Virtual memory is a system where all physical memory is controlled by the operating system. When a program needs memory, it requests it from the operating system. The operating system then decides what physical location to place the memory in. The operating system with the help of a hardware component called MMU (memory management unit), maps those virtual memory addresses with real memory address in the physical memory. This functionality is achieved by breaking the physical memory into segments which we refer to as Pages.

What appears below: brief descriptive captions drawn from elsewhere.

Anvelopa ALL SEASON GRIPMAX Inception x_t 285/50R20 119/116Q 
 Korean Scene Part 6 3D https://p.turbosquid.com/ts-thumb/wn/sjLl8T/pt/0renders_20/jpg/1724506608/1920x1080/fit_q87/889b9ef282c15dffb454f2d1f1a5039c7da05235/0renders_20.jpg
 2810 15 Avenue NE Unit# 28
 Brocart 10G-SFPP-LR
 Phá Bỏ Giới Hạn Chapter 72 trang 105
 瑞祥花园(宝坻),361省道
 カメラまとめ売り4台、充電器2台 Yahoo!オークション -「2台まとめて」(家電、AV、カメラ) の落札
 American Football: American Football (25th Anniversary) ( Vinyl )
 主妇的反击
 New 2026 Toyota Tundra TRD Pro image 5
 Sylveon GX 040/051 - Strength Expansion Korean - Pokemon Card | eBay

When a program is being executed, it is called a process. Typically a process has 5 different areas of memory allocated

1. Code - text segment : Contains the frequently executed code.
2. Initialized data – data segment : Contains Initialized global variables (including pointer variables), Initialized constant global variables, Initialized local static variables.
3. Uninitialized data – bss segment : Contains Uninitialized global variables (including pointer variables), Uninitialized constant global variables, Uninitialized local static variables.
4. Heap
5. Stack

Stack and Heap:

Both are stored in computer RAM and typically occupy the virtual memory above the text and data segments.
Variables created on the stack will go out of scope and automatically get deallocated. Stack is also called "automatic storage class". Therefore ,Stack stores local data/variables, return addresses. Variables on the heap must be handled manually. They are created with "new" and freed with "delete" keywords in c++. ("malloc" and "free" in C)
Stack variables are faster to allocate in comparison to variables on the heap. The reason for this is since stack is implemented with an actual stack data structure, making it easy to keep pointer to next location because all free memory is always contiguous. No list needs to be maintained of all the segments of free memory, just a single pointer to the current top of the stack.
Stack is vulnerable to have a stack overflow when too much of the stack is used. (like recursion, very large allocations)  Heaps can have fragmentation when there are a lot of allocations and deallocations. Heap is vulnerable to memory leaks when memory is not properly deallocated.
Stack usually has a maximum size already determined when your program starts. Stack is used if we know exactly how much data we need to allocate before compile time and it is not too big. Heap is used when you don't know exactly how much data you will need at run time or if you need to allocate a lot of data.